Robert Kim-Farley, epidemiologist and infectious disease expert at the UCLA Fielding School of Public Health, said we won’t really know how homeless people in L.A. are faring until they undergo seroprevalence testing, which looks for antibodies left by past infections.
“The county is trying to do some additional targeting of subgroups, and it would make a lot of sense among homeless people, ” Kim-Farley said.
“I’m not so sure we can say there hasn’t been a huge hit,” said Culhane.
In the meantime, nearly every corner of the homeless delivery system has been modified to meet the COVID-19 challenge. Hundreds of wash stations have been placed near homeless encampments, pop-up testing went up on skid row and the Venice boardwalk, and 26 city recreation centers were turned into temporary shelters, although most have since been closed — prematurely, critics said.
Project Roomkey, the hotel program, fell short of its goal but placed more than 4,000 medically fragile homeless individuals in lodgings. The city suspended encampment sweeps, although some service providers are worried about a recent City Council vote to resume cleanups around bridge-housing shelters, which are intended to be transitions to permanent housing.
“Cleanings are good but disrupting people’s lives is not a positive thing,” said Dr. Coley King, director of homeless services at the Venice Family Clinic.
“The Centers for Disease Control guidance has not changed on how to handle encampment cleanups: by not disrupting the people,” Marston said. “We’re hoping to find some middle ground, maintaining the cleanliness everybody wants to see but so we’re not putting people at further risk unnecessarily.”
Outreach workers handed out masks, food and water, screening homeless people for virus symptoms and educating them about social distancing and other precautions.
“Quite a few teams are out there every day advocating for people to see if they need water, food and to do wellness checks so any symptoms are quickly evaluated … and to see if they need to go to the emergency room or be referred to isolation or quarantine,“ said Dr. Silvia Prieto, a Department of Public Health official.

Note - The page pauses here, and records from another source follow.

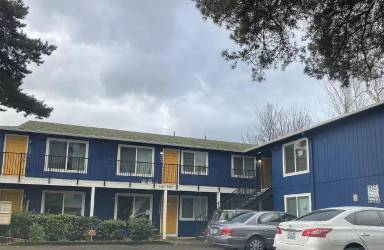 Main picture of 4425 SE 26th Ave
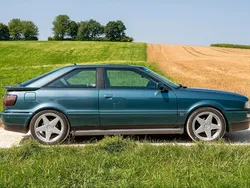 Grün Gebraucht 1991 Audi Coupé Coupé | 8.500 €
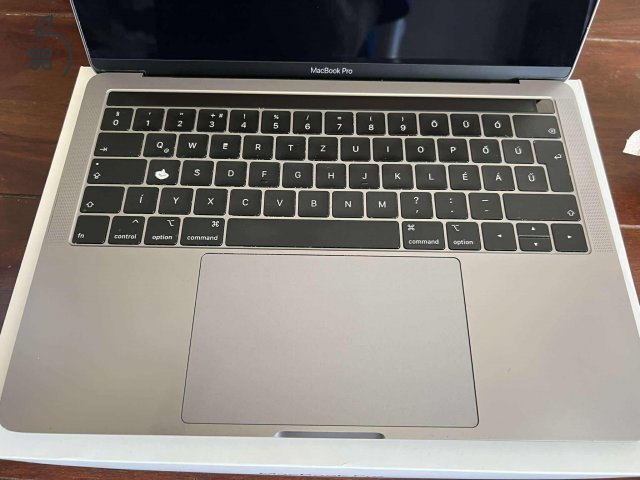 Macbook Pro 13' Touchbar 2,4 GHz i5 8GB
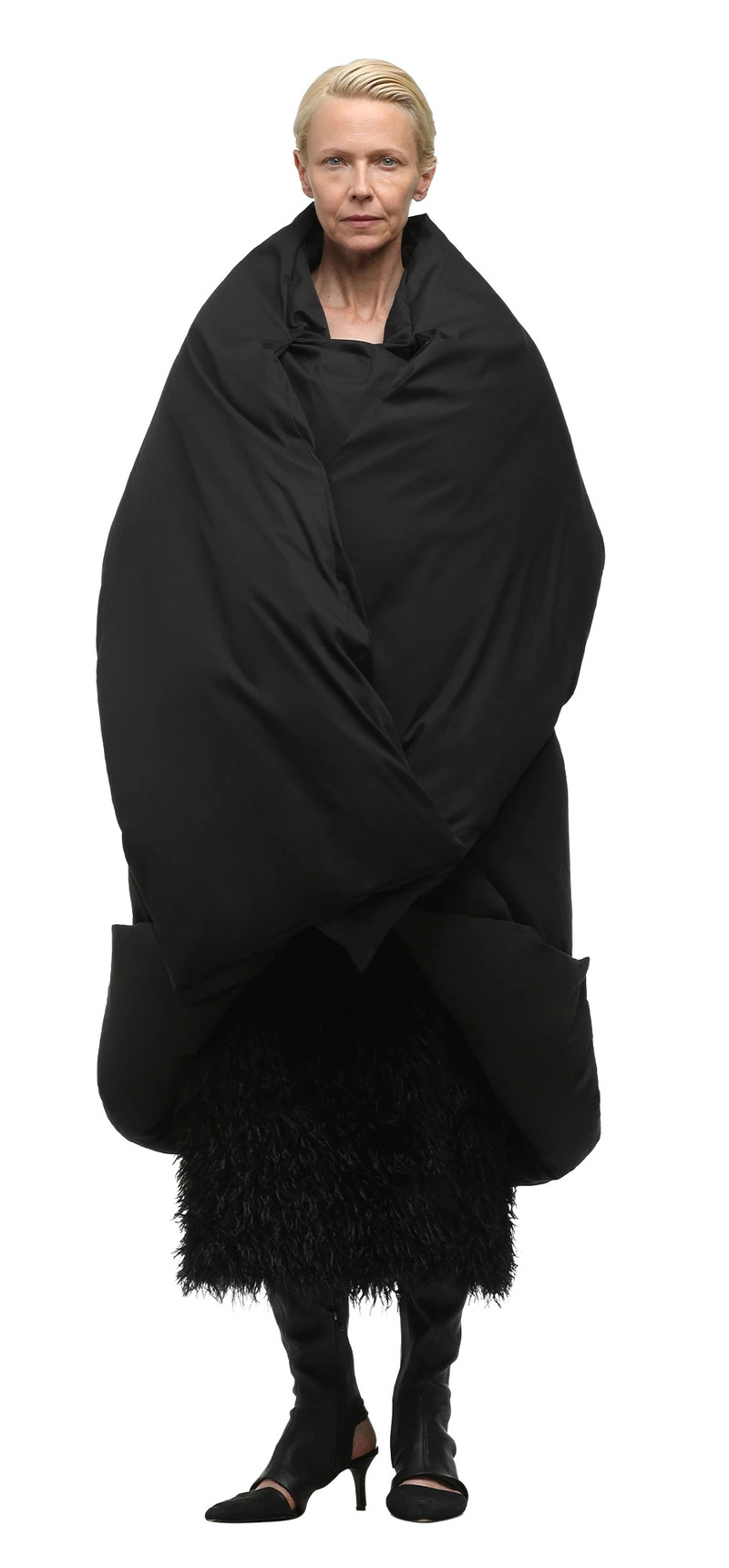 DOONA COAT BLACK 3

At the Salvation Army’s shelter in Bell, one of the largest in the nation, the population was more than halved, from 480 in March to 220. Two-person sleeping cubicles were reduced to one and residents sit two to a table in the cafeteria, separated by blue plexiglass.

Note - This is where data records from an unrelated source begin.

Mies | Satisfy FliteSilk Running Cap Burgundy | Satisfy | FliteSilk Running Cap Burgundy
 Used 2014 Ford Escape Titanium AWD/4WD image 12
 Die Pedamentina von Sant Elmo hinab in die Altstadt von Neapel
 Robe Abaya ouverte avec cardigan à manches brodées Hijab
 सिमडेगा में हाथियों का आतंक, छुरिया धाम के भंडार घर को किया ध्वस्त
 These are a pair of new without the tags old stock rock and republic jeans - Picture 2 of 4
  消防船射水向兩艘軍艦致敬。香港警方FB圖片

“When it first started, people used to line up with masks hanging half off their face. Now they are very diligent about masks and social distancing,” said Bell Shelter Director Steve Lytle.“It is certainly a more muted environment.” He added that the shelter put on a Juneteenth celebration, a pride event and an In-N-Out burger truck day to lift spirits
“It can be a little bit overwhelming after a while; you can’t be yourself at times,” said Bell shelter resident Mahuro Cortez, 49. “But it feels so good to have a place to be.”

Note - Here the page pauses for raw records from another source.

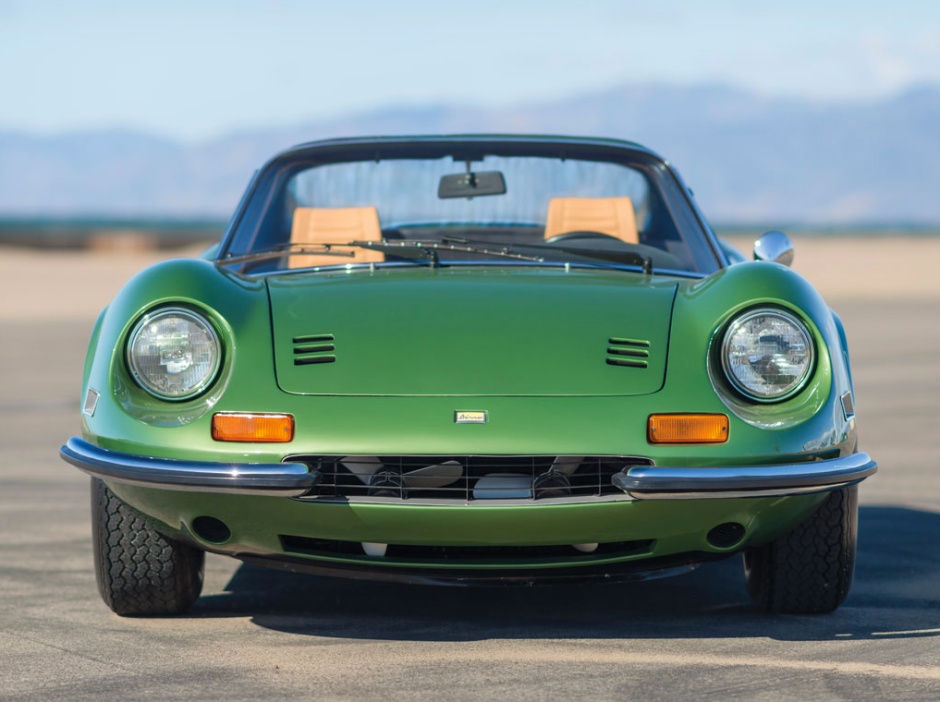 Verde y precioso Ferrari Dino 246 GTS de 1974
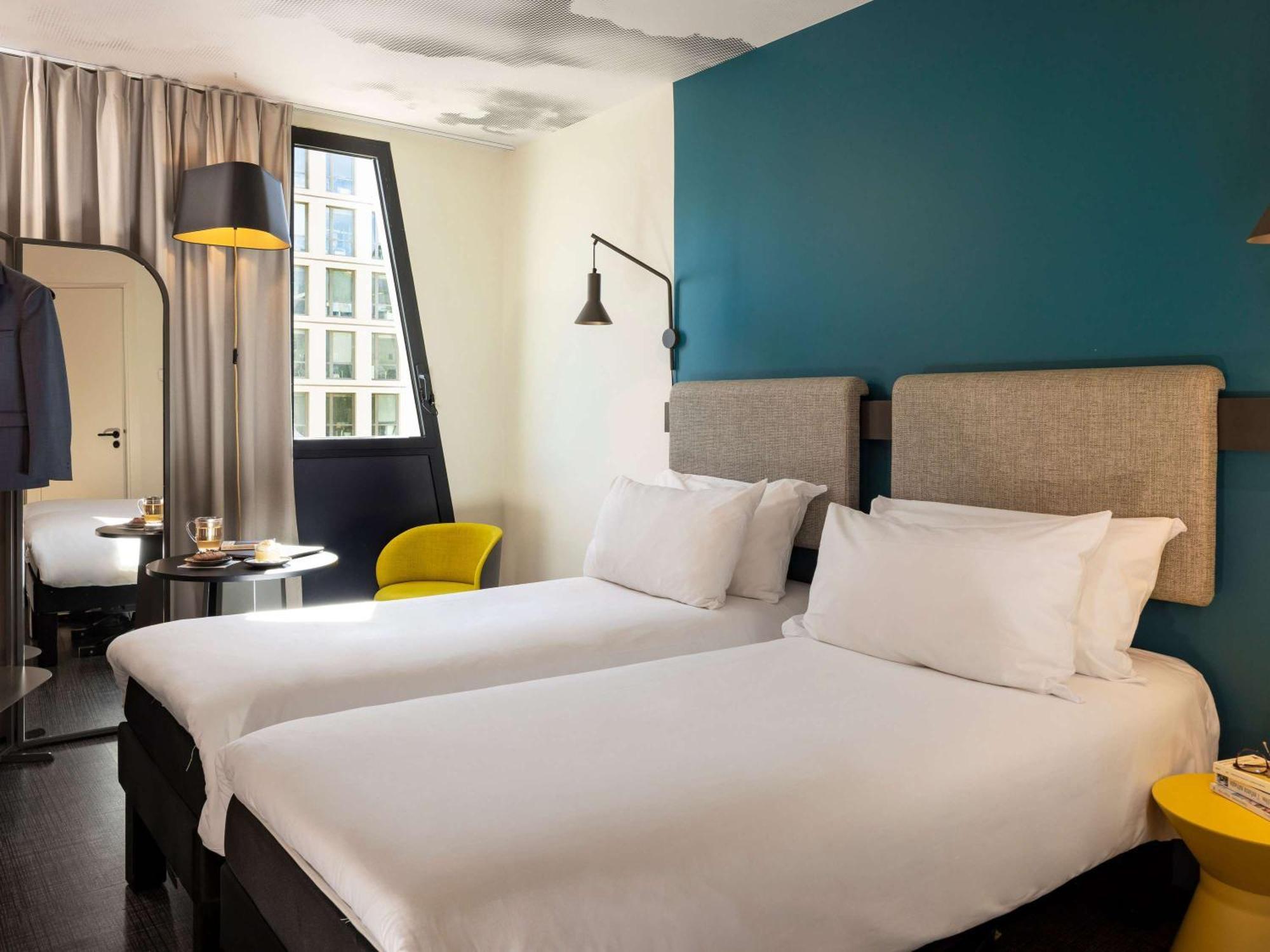 Ibis Marseille Centre Euromed Hotel Exterior photo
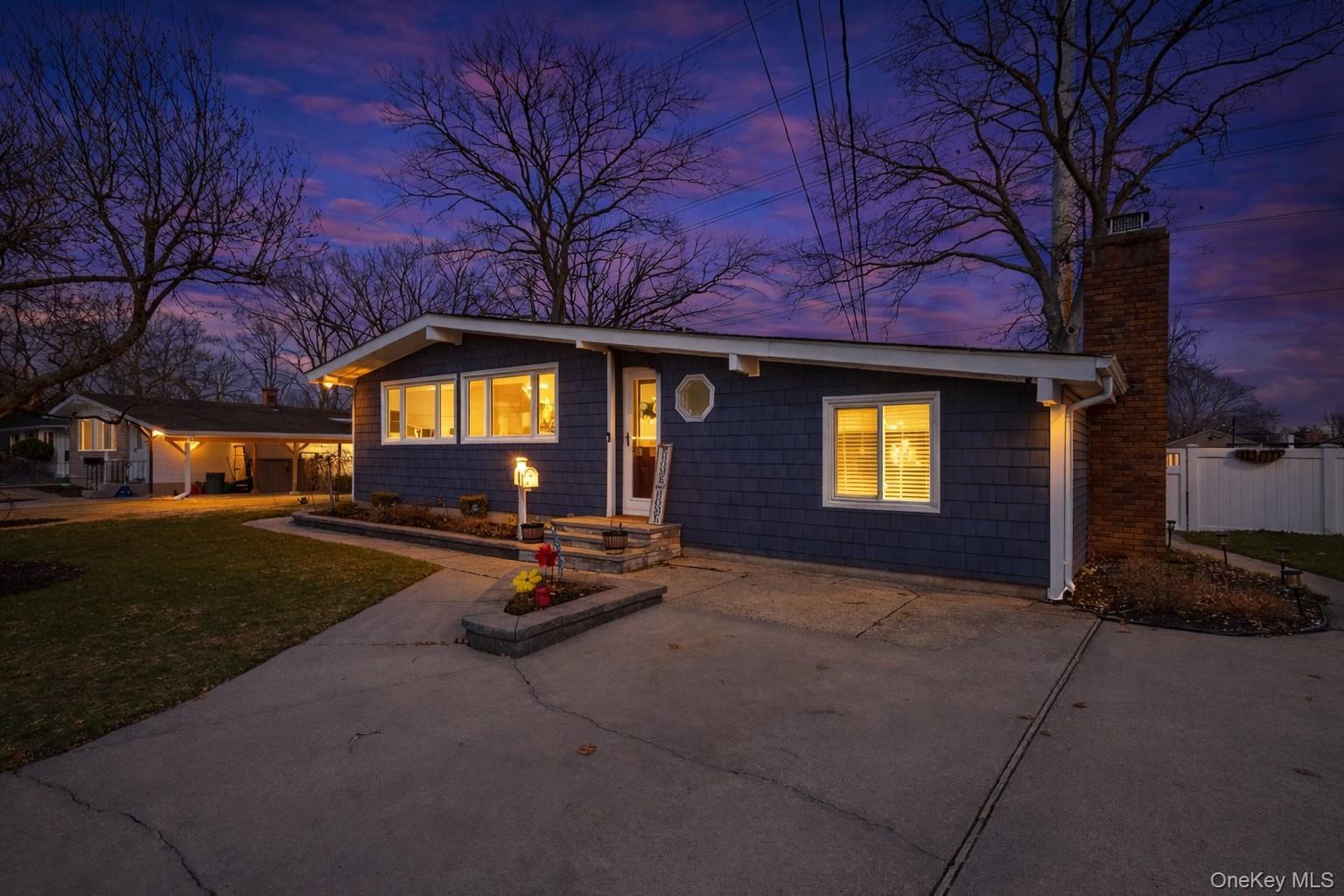 #1 photo, 8 Duane Drive, 東長島 Ronkonkoma , NY 11779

On skid row, homeless people are taking their health into their own hands. Stephanie Arnold Williams cranked out masks from her sewing station in a big white tent at 5th and San Pedro streets, and the Los Angeles Community Action Network ginned up sidewalk wash stations from barrels.
At a recent Sunday Strong event at L.A. CAN’s headquarters at 6th and Gladys streets, scores of people ran their hands under a wash station, grabbed masks and danced, pranced and vogued up a socially distanced line for sack meals with a side of hand sanitizer. The food was provided by grass-roots groups Miss Rodgers’ Neighborhood, Polo’s Pantry and Eayikes.
“Just because they’re homeless doesn’t mean people are not concerned about their health,” General Dogon of L.A. CAN said over the ear-splitting sounds of Marvin Gaye and Watts 103rd Street Rhythm Band.
“We can’t let our guard down. These are very vulnerable people,” said Kim-Farley.